Breakfast vital for kids

  • The Washington Post
  • Friday, August 30, 2013 2:47pm
  • Life

Casey Seidenberg, co-founder of Nourish Schools, a Washington, D.C.-based nutrition education company, answered questions about giving kids a smart start to the school year:

Q: When trying to get breakfast on the table, cereal is the quickest way to go. But are cereals such as Cheerios and Chex really all that healthy?

A: Processed cereals are not as healthful as whole-grain options such as whole oatmeal.

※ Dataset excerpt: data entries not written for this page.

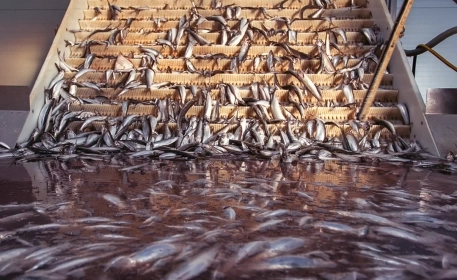The Problem with Seafood Supply Chains
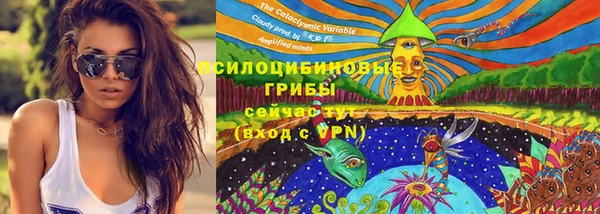 ПСИЛОЦИБИНОВЫЕ ГРИБЫ Балабаново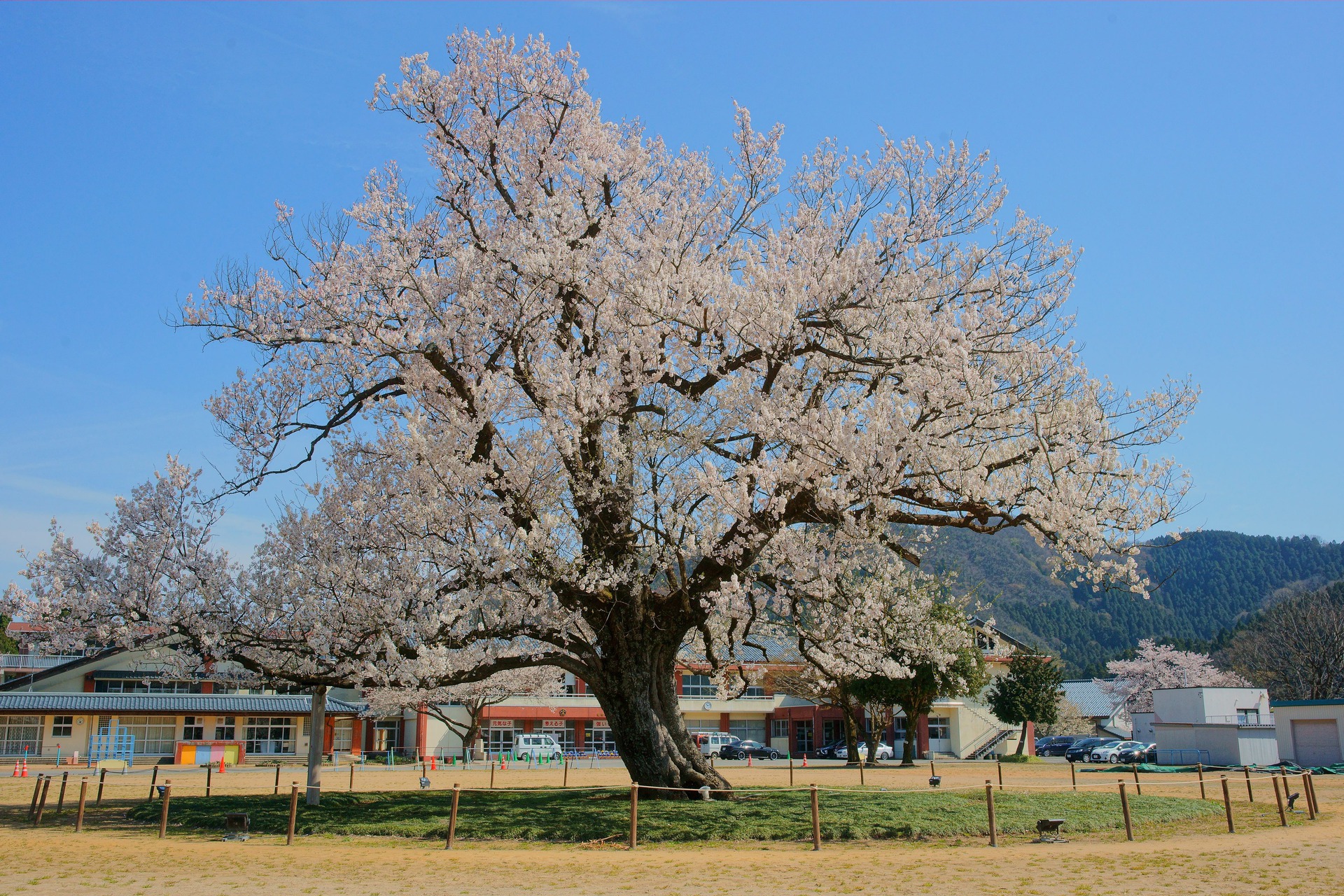 日本の風景 味真野小学校のエドヒガン桜 壁紙19x1280 壁紙館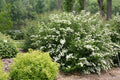 White Wedding Cake Spirea Cuttings 10 Unrooted 6-8" Set, Spiraea prunifolia, Hardy Zones 5-9, DIY Planting, Garden Decor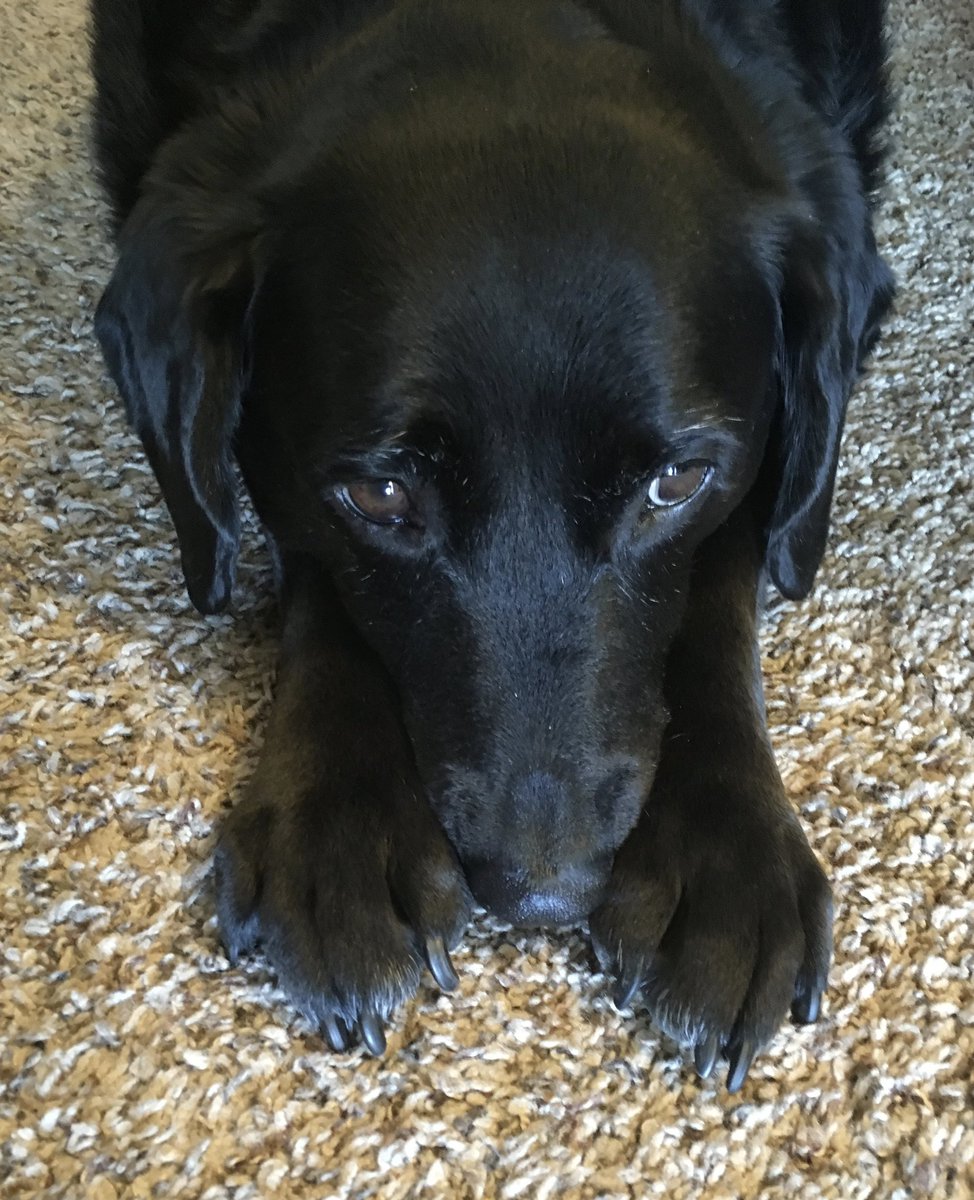 Mark Gardner tweet media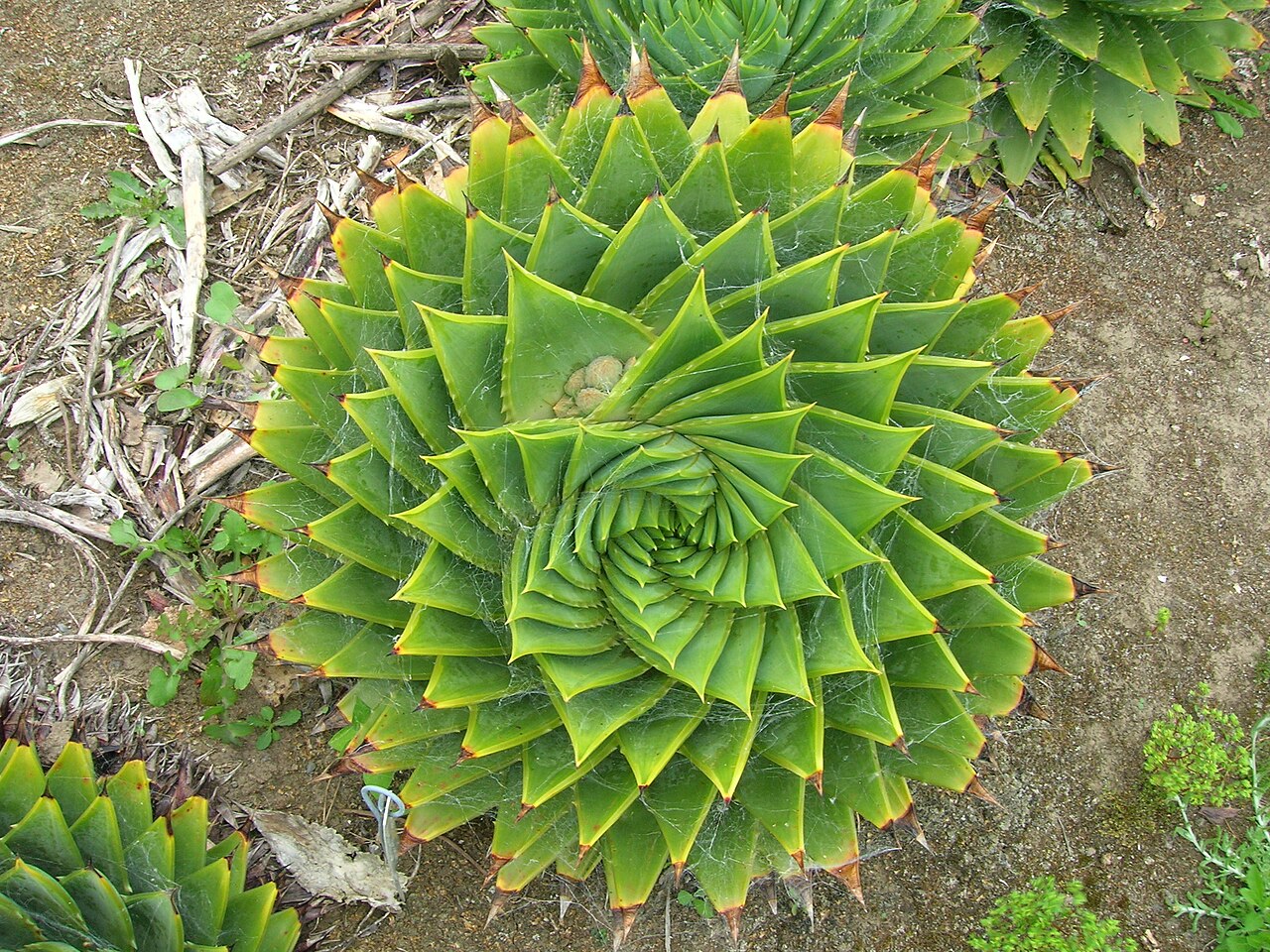 Aloe polyphylla: Aloe polyphylla Schönland ex Pillans Asphodelaceae Also placed in: Aloaceae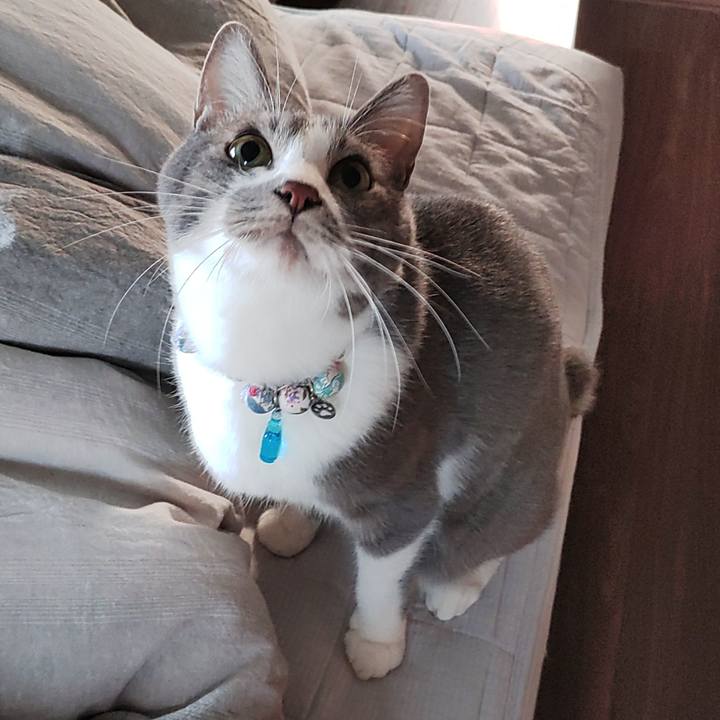 36d58919 b004 41fa b0b1 c65abbecb147 1666912725425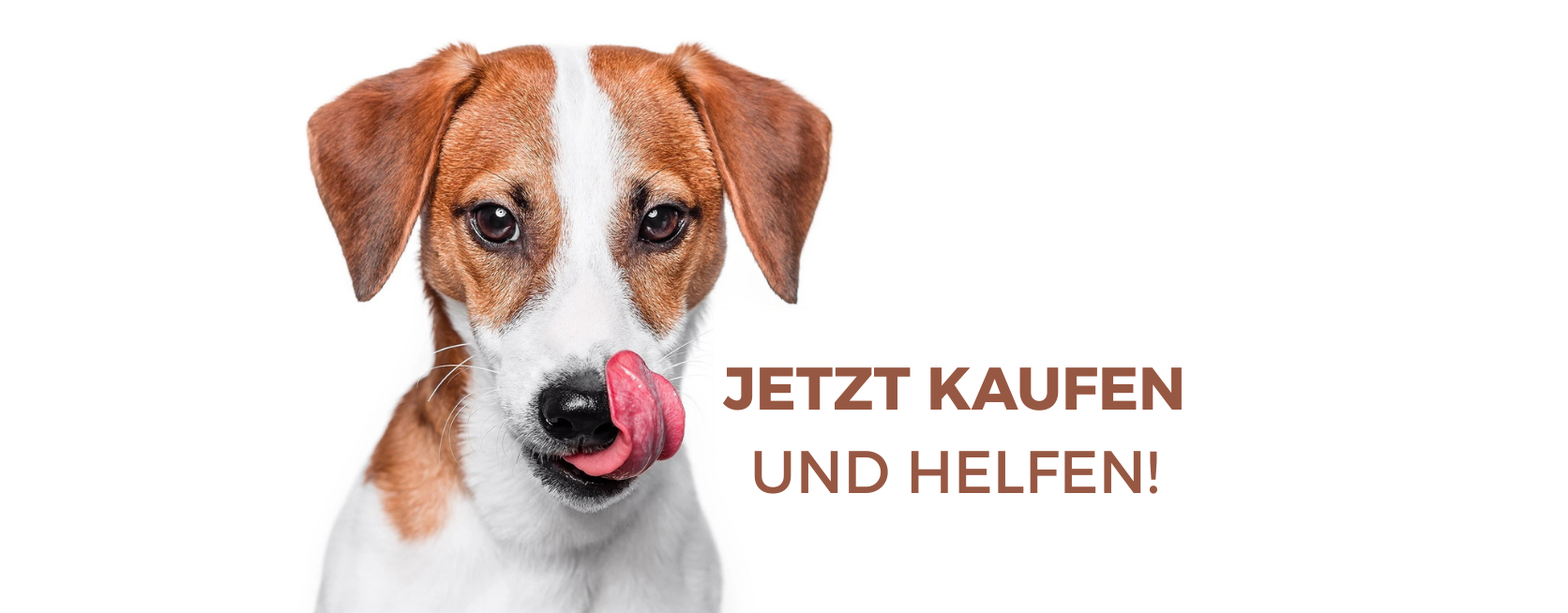 Jetzt kaufen und Helfen!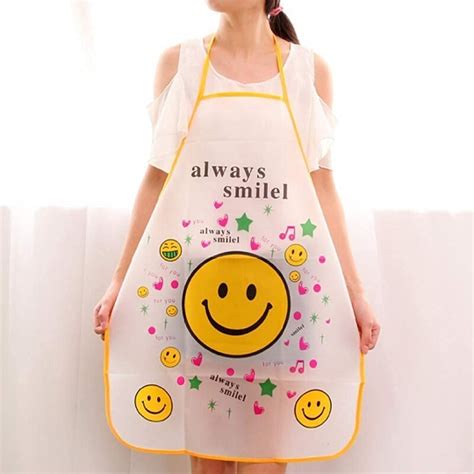 Multicolor Printed Pvc Waterproof Kitchen Apron At Rs 40 In Gurgaon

The grains in a processed cereal have been broken down, so they don’t provide all of the nutrition a whole grain would, and they often lack fiber, so they enter the bloodstream more quickly than a whole grain, which leaves a child hungry sooner.

A better bet for a quick breakfast is a homemade whole-grain muffin, or presoaked oatmeal that can be heated quickly.

Q: I switched the term “breakfast” to mean “eat something.” It could be scrambled eggs on toast or a meatloaf sandwich. Some days it was a serving spoon of peanut butter and a glass of milk. Other days it was homemade milkshake with frozen fruit.

A: Leftovers often make a great breakfast. We don’t need to eat the very American cereals and baked goods.

Meats and broth and greens are traditional morning meals in many countries and are a fantastic way to begin any day.

Q: My daughter who’s starting kindergarten just plain isn’t hungry in the morning. It takes at least two hours for her stomach to “wake up.”

I’ve tried smoothies, cereal, pancakes, muffins and all kinds of “treats,” but she just won’t touch anything. Any thoughts?

A: My advice would be to do three things. First, explain to your child how important breakfast is to a growing child. The website www.breakfastfirst.org has some simple statistics and easy-to-explain facts.

This might not change her behavior immediately, but it may teach her to make the right choices when away from you.

Second, see whether you can pack her something to eat on the way to school or even at her desk. If discussed in advance, many teachers will allow a child to eat something at school if there is a good reason for it.

Third, think about lighter foods such as smoothies (which I know you have tried).

Ask your child whether it would feel better for her to have a smoothie or a little fruit and plain yogurt instead of something heavier like oatmeal or a baked good. She might be more open to foods if they are labeled “lighter.”